Cette étrangeté se dissipe un peu lorsqu’on éclaire l’ouvrage à la lumière de son objectif polémique. Professeur à Yale, S. Moyn est aussi un intellectuel public qui prend régulièrement position dans plusieurs journaux de gauche progressiste comme The Nation ou Dissent [3]. En élaborant une critique des intellectuels libéraux de la guerre froide, S. Moyn cible autant, sinon plus, leurs héritiers dans la sphère publique américaine contemporaine. L’élection de Trump en 2016 s’est accompagnée d’une vague de publications conservatrices dont l’épicentre académique fut le mouvement « postlibéral », qui appelle à profiter de l’occasion pour enfin dépasser le statu quo libéral [4]. En réaction, les intellectuels de centre-droite et de centre-gauche ont appelé à sauver le libéralisme pour résoudre la crise démocratique américaine – la condition de ce sauvetage, clairement exposée par Mark Lilla dans The Once and Future Liberal : After Identity Politics, étant de recentrer le libéralisme sur ses valeurs historiques [5]. S. Moyn appartient à un troisième camp qui considère au contraire que le succès du populisme de droite nécessite une forme ouvertement progressiste de libéralisme [6].

Une fois ces éléments posés, on comprend mieux pourquoi l’ouvrage de S. Moyn se concentre essentiellement sur les erreurs intellectuelles et stratégiques commises par les libéraux de guerre froide. Il s’agit moins pour lui d’expliquer et de contextualiser la formation d’un libéralisme de guerre froide que d’en dresser un portrait en forme d’épouvantail pour s’assurer qu’on ne puisse pas l’ériger en modèle aujourd’hui.

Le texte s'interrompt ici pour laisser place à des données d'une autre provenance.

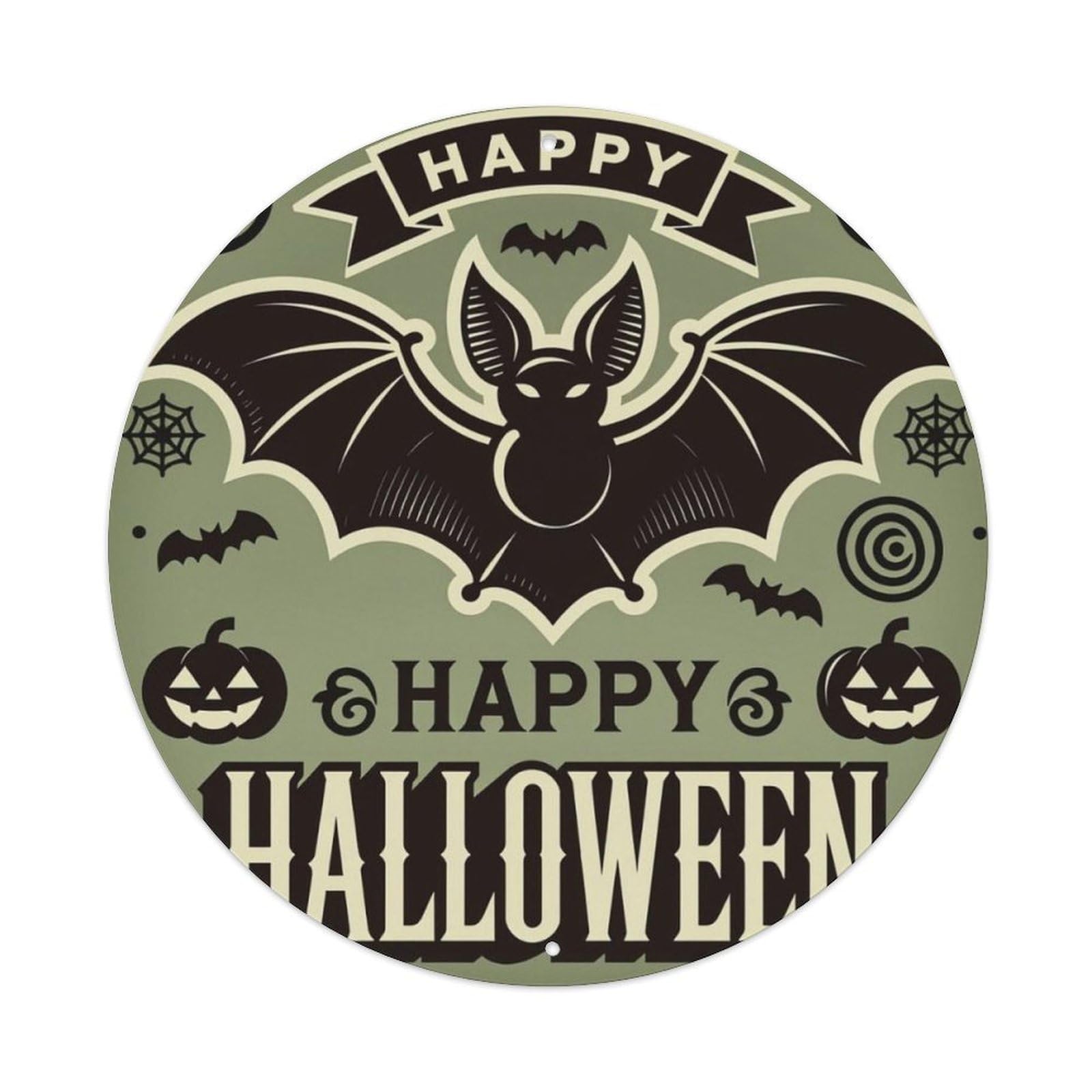 Vintage Bat Pumpkin Happy Halloween Round Wall Sign Vintage Aluminium Metal Sign, Retro Wall Decor for Home, Bar, Garage & Farmhouse 20x20cm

L’histoire des idées joue donc ici un rôle critique : elle permet de déboulonner certaines statues du canon libéral anglo-saxon. Néanmoins, pour fonctionner, cette critique suppose qu’il existe un ensemble de valeurs libérales identifiables, à l’aune desquelles l’historien pourrait affirmer que « le libéralisme de la guerre froide fut un désastre – pour le libéralisme » (p. 1).

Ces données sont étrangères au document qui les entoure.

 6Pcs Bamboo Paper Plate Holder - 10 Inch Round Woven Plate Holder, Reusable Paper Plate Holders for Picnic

Les errements du libéralisme de guerre froide

Liberalism Against Itself raconte les errements des intellectuels de la guerre froide : abandon des Lumières, rejet du romantisme, renoncement au progrès, anthropologie pessimiste d’origine chrétienne, complicités impérialistes et psychologie restrictive. Les chapitres s’organisent autour de six figures intellectuelles (Judith Shklar, Isaiah Berlin, Karl Popper, Gertrude Himmelfarb, Hannah Arendt et Lionel Trilling) qui permettent à S. Moyn de souligner ces errements. Judith Shklar occupe une place centrale dans cette galerie dans la mesure où elle aurait offert une définition du libéralisme de guerre froide comme« liberalism of fear »dans un texte publié en 1989 [7]. Ce libéralisme de la peur aurait comme objectif principal de protéger les individus de la cruauté – en particulier celle instituée par l’État, la liberté personnelle n’ayant de sens que pour ceux qui sont délivrés de la peur. Cette approche est parfois qualifiée de survivaliste, dans la mesure où elle se concentre sur le minimum politique dont nous aurions besoin pour vivre. Pourtant, avant de se faire l’avocate du survivalisme, Shklar avait elle-même fortement critiqué le pessimisme des libéraux d’après-guerre dans son premier livre, After Utopia publié à partir de sa thèse en 1957. À cette époque, Shklar condamnait l’abandon de l’idéal d’émancipation des Lumières et la conversion des libéraux à l’idée conservatrice que « la raison elle-même engendre le totalitarisme » (p. 27).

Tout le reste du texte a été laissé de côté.